### THE TASK
Print every entry exactly as written and exclude all images.

** LISTED ENTRIES follows **

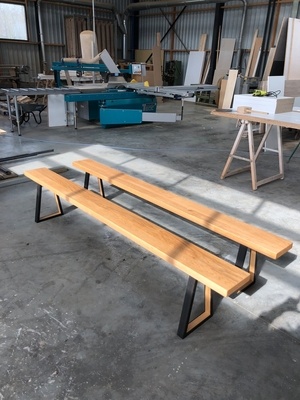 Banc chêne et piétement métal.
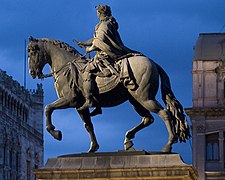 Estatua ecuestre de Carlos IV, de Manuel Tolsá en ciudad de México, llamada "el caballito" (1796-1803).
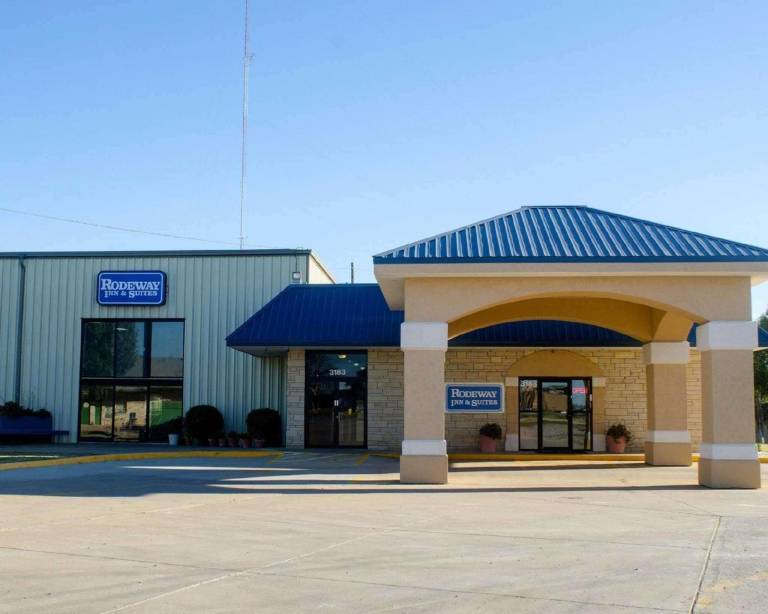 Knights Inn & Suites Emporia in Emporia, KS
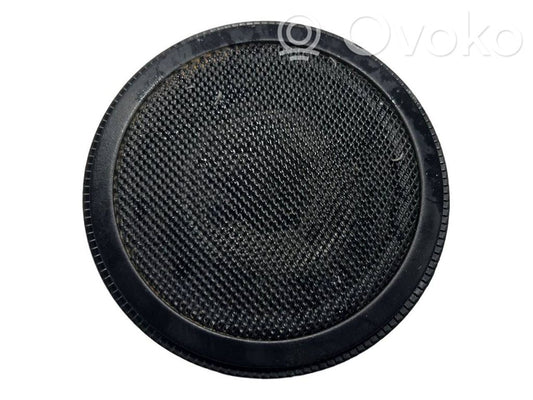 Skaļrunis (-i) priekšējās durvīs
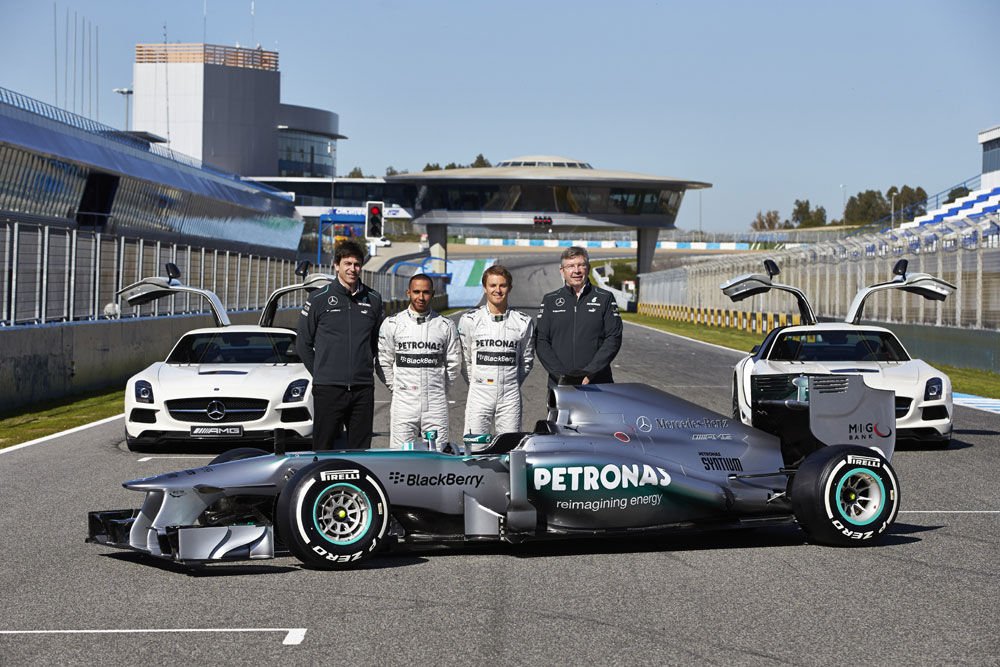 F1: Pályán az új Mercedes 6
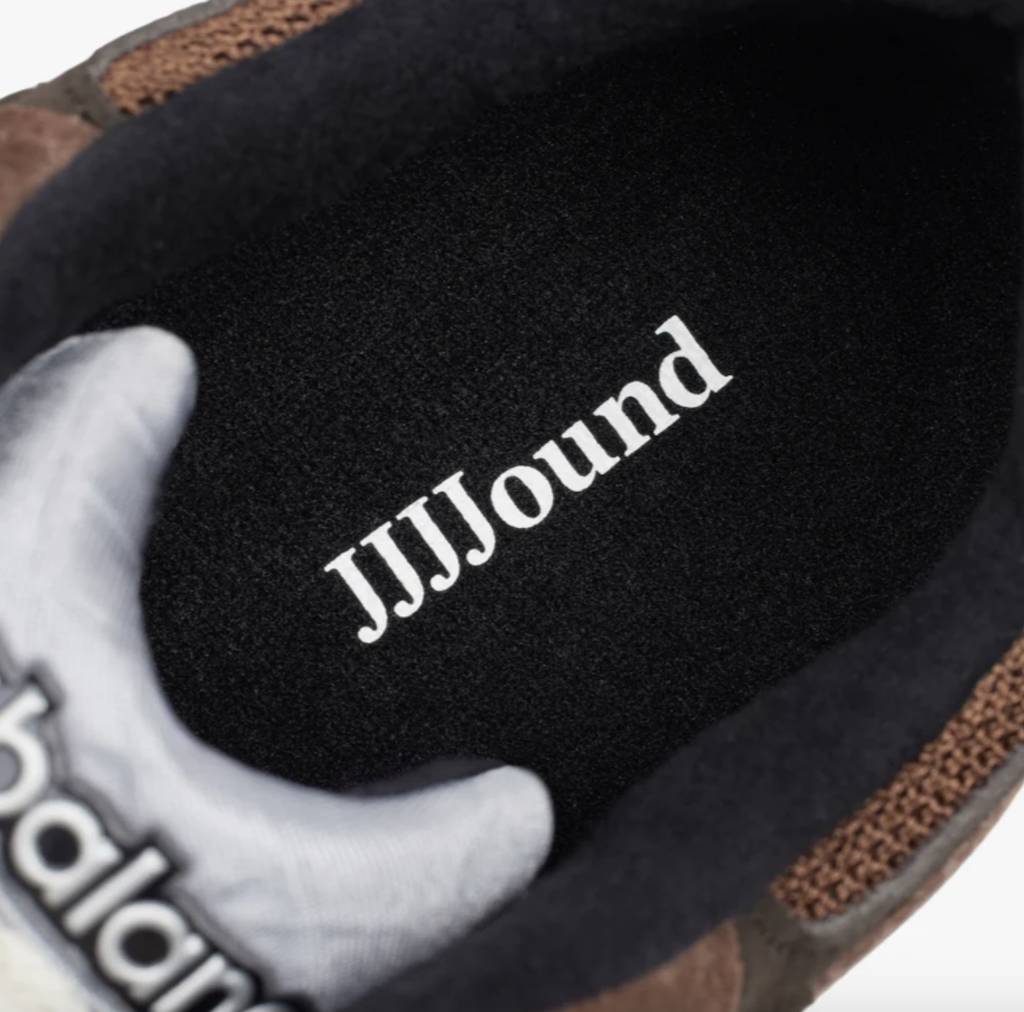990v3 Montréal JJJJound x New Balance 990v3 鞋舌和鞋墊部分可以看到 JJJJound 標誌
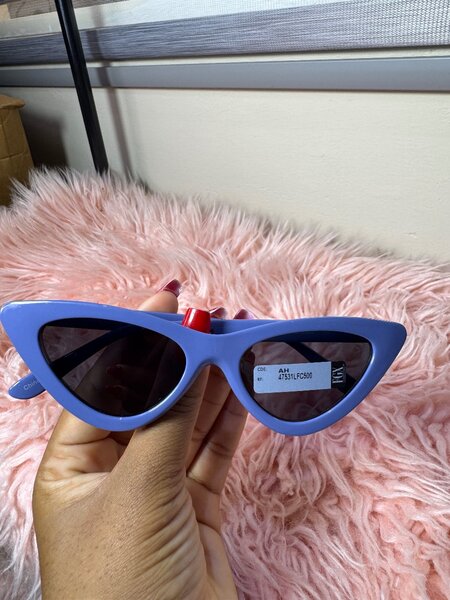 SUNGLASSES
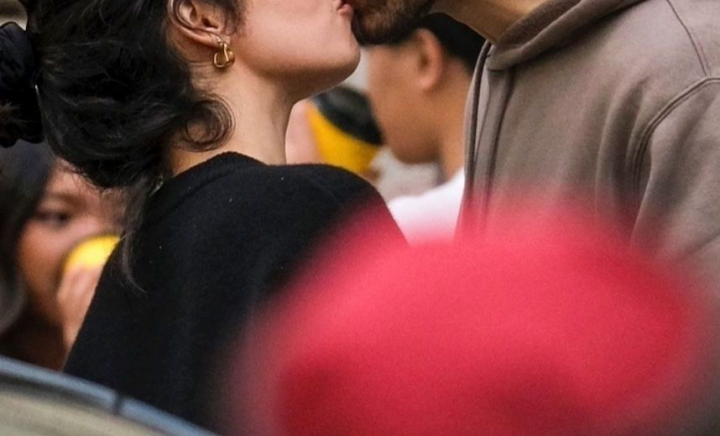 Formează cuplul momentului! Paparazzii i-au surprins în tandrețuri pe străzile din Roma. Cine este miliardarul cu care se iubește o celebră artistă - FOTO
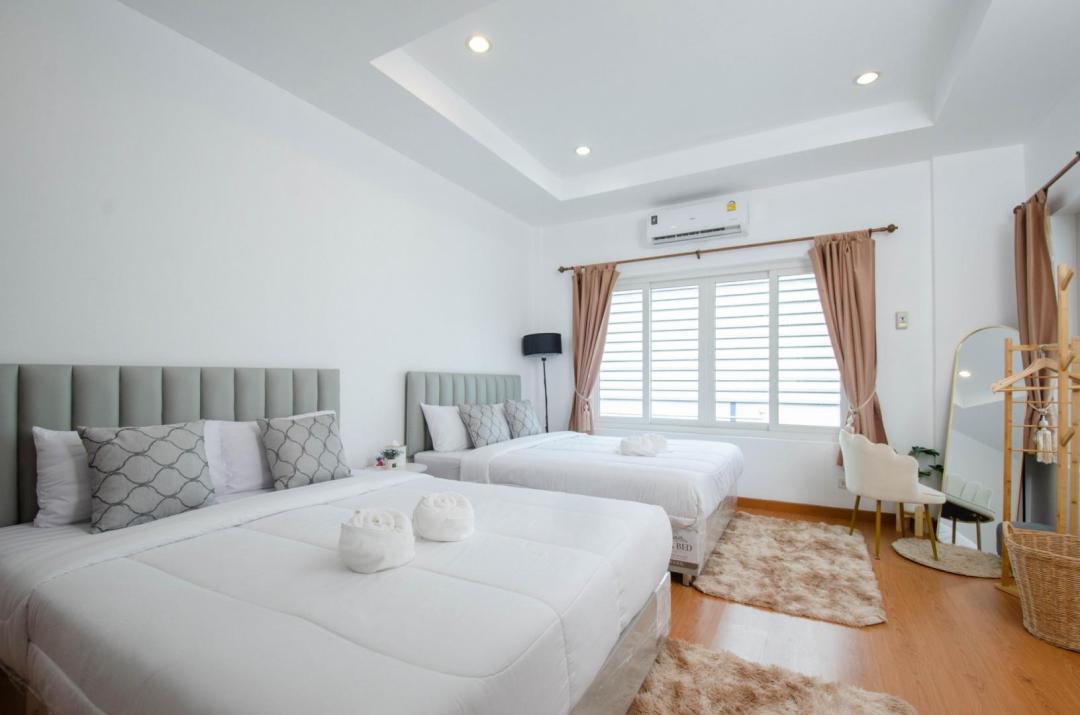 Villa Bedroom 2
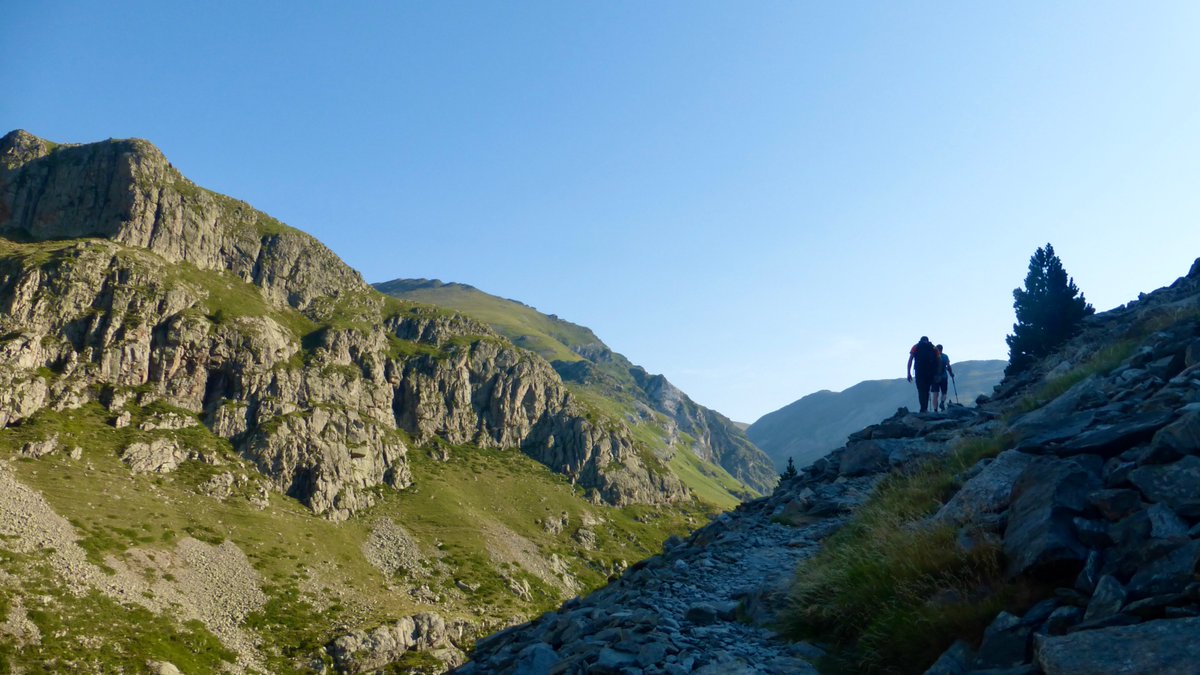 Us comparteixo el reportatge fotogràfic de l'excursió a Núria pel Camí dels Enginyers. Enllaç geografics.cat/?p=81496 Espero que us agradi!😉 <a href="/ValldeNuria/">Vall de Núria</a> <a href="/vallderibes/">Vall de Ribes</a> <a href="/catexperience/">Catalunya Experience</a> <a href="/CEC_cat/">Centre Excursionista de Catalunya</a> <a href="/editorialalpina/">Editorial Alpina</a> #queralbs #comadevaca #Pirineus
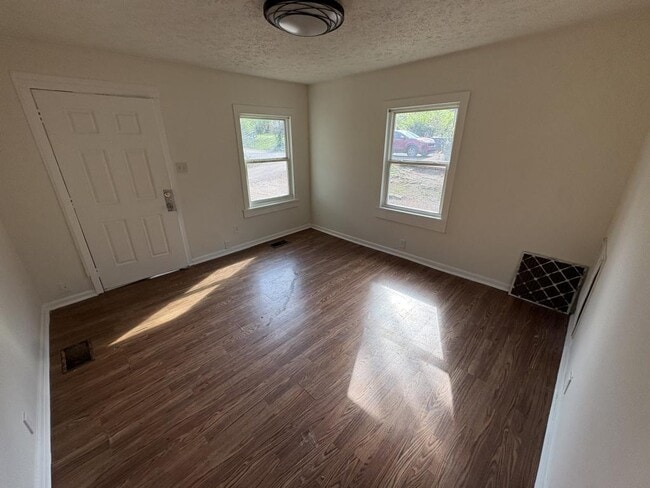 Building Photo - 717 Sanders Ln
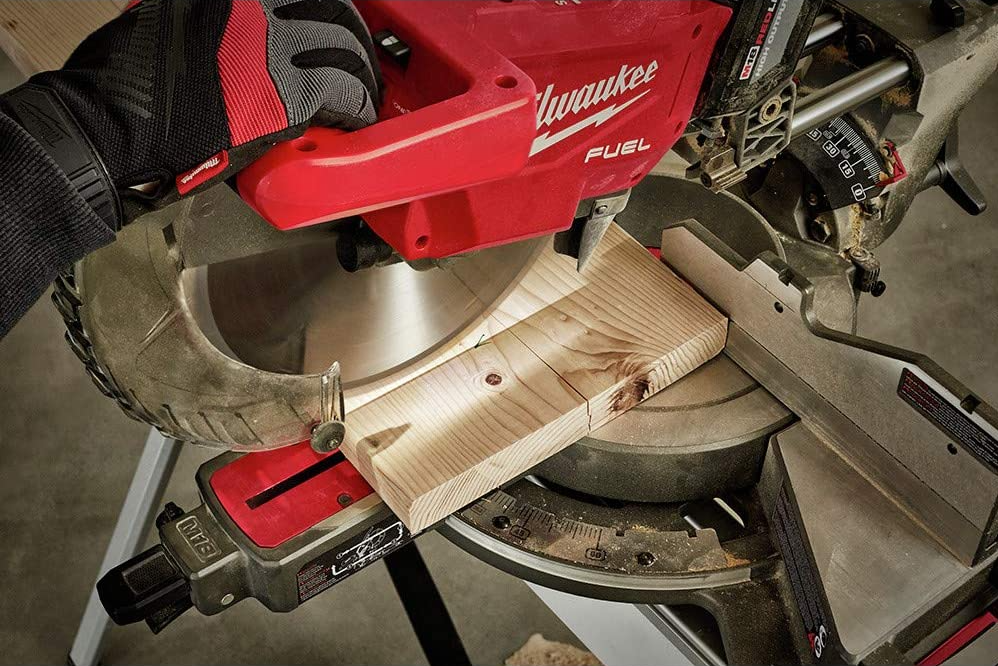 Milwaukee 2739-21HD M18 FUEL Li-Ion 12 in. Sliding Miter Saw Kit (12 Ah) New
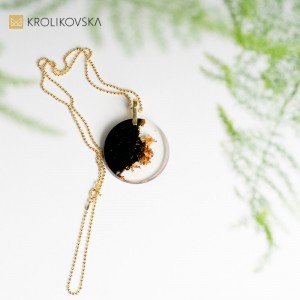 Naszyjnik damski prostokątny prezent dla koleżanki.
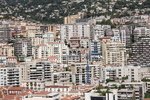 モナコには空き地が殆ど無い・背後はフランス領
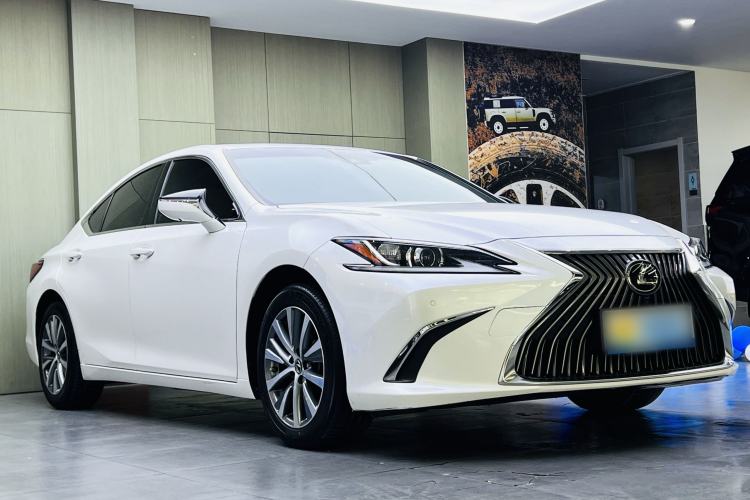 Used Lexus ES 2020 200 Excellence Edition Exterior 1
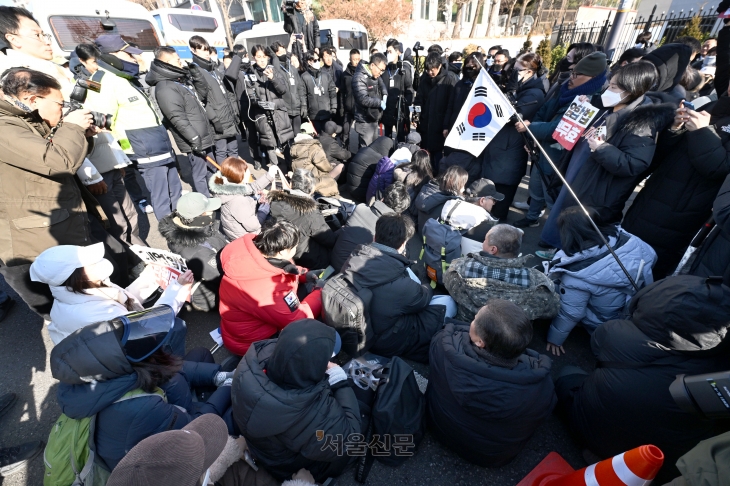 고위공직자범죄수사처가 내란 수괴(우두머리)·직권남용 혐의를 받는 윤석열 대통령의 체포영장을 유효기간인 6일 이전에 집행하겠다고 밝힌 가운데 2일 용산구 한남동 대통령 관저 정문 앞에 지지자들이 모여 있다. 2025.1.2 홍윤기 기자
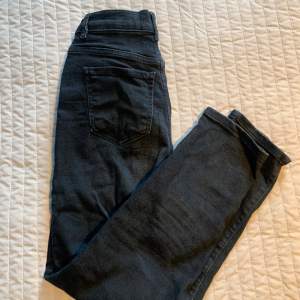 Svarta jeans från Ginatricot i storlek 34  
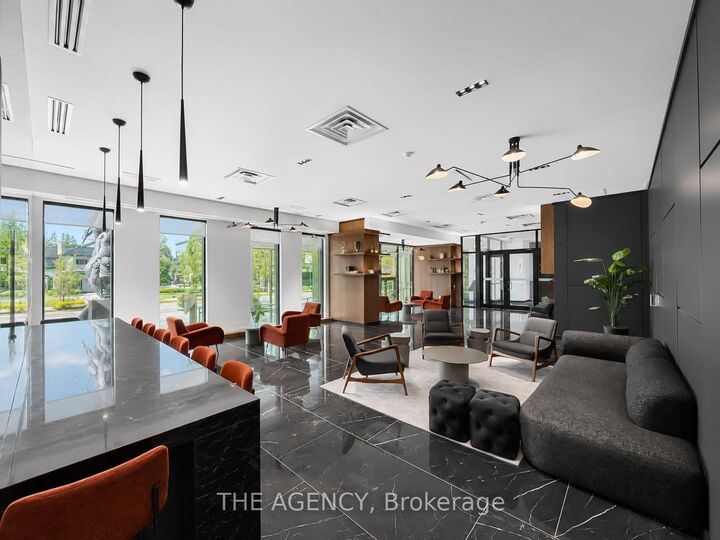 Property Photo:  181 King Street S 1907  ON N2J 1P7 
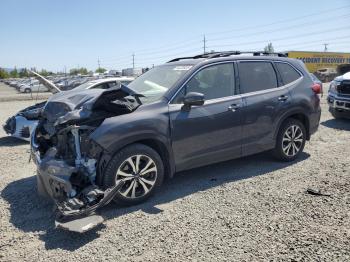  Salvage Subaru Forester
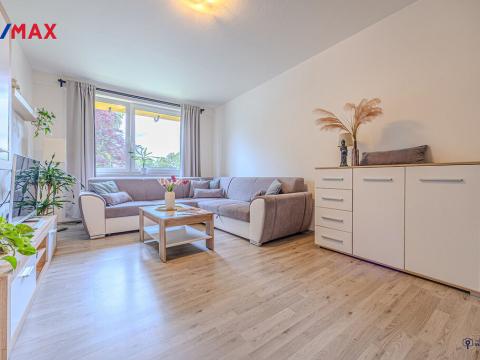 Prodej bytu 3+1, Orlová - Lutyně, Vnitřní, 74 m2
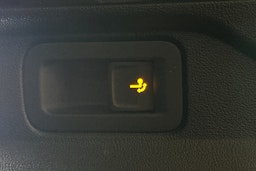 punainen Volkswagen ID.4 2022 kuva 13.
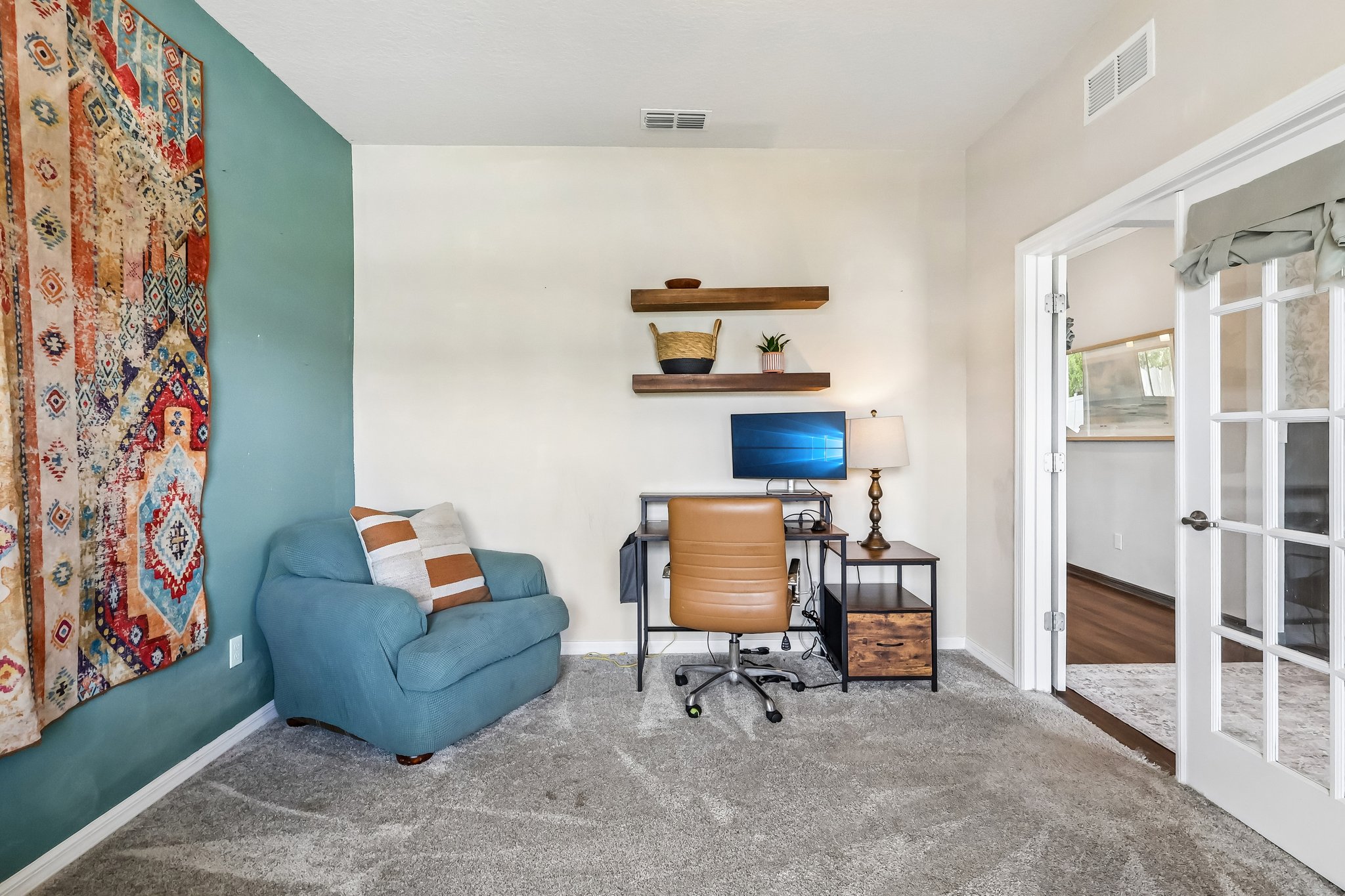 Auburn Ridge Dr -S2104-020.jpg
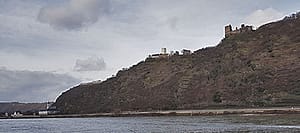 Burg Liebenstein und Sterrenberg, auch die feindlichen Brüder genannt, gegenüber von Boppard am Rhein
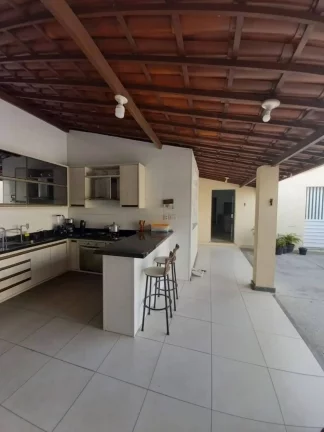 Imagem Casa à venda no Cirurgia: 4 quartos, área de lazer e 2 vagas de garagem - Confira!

** End of LISTED ENTRIES **

### RESULT BELOW
 Banc chêne et piétement métal.
 Estatua ecuestre de Carlos IV, de Manuel Tolsá en ciudad de México, llamada "el caballito" (1796-1803).
 Knights Inn & Suites Emporia in Emporia, KS
 Skaļrunis (-i) priekšējās durvīs
 F1: Pályán az új Mercedes 6
990v3 Montréal JJJJound x New Balance 990v3 鞋舌和鞋墊部分可以看到 JJJJound 標誌
 SUNGLASSES
 Formează cuplul momentului! Paparazzii i-au surprins în tandrețuri pe străzile din Roma. Cine este miliardarul cu care se iubește o celebră artistă - FOTO
 Villa Bedroom 2
 Us comparteixo el reportatge fotogràfic de l'excursió a Núria pel Camí dels Enginyers. Enllaç geografics.cat/?p=81496 Espero que us agradi!😉 <a href="/ValldeNuria/">Vall de Núria</a> <a href="/vallderibes/">Vall de Ribes</a> <a href="/catexperience/">Catalunya Experience</a> <a href="/CEC_cat/">Centre Excursionista de Catalunya</a> <a href="/editorialalpina/">Editorial Alpina</a> #queralbs #comadevaca #Pirineus
 Building Photo - 717 Sanders Ln
 Milwaukee 2739-21HD M18 FUEL Li-Ion 12 in. Sliding Miter Saw Kit (12 Ah) New
 Naszyjnik damski prostokątny prezent dla koleżanki.
 モナコには空き地が殆ど無い・背後はフランス領
 Used Lexus ES 2020 200 Excellence Edition Exterior 1
 고위공직자범죄수사처가 내란 수괴(우두머리)·직권남용 혐의를 받는 윤석열 대통령의 체포영장을 유효기간인 6일 이전에 집행하겠다고 밝힌 가운데 2일 용산구 한남동 대통령 관저 정문 앞에 지지자들이 모여 있다. 2025.1.2 홍윤기 기자
 Svarta jeans från Ginatricot i storlek 34  
 Property Photo:  181 King Street S 1907  ON N2J 1P7 
  Salvage Subaru Forester
 Prodej bytu 3+1, Orlová - Lutyně, Vnitřní, 74 m2
 punainen Volkswagen ID.4 2022 kuva 13.
 Auburn Ridge Dr -S2104-020.jpg
 Burg Liebenstein und Sterrenberg, auch die feindlichen Brüder genannt, gegenüber von Boppard am Rhein
 Imagem Casa à venda no Cirurgia: 4 quartos, área de lazer e 2 vagas de garagem - Confira!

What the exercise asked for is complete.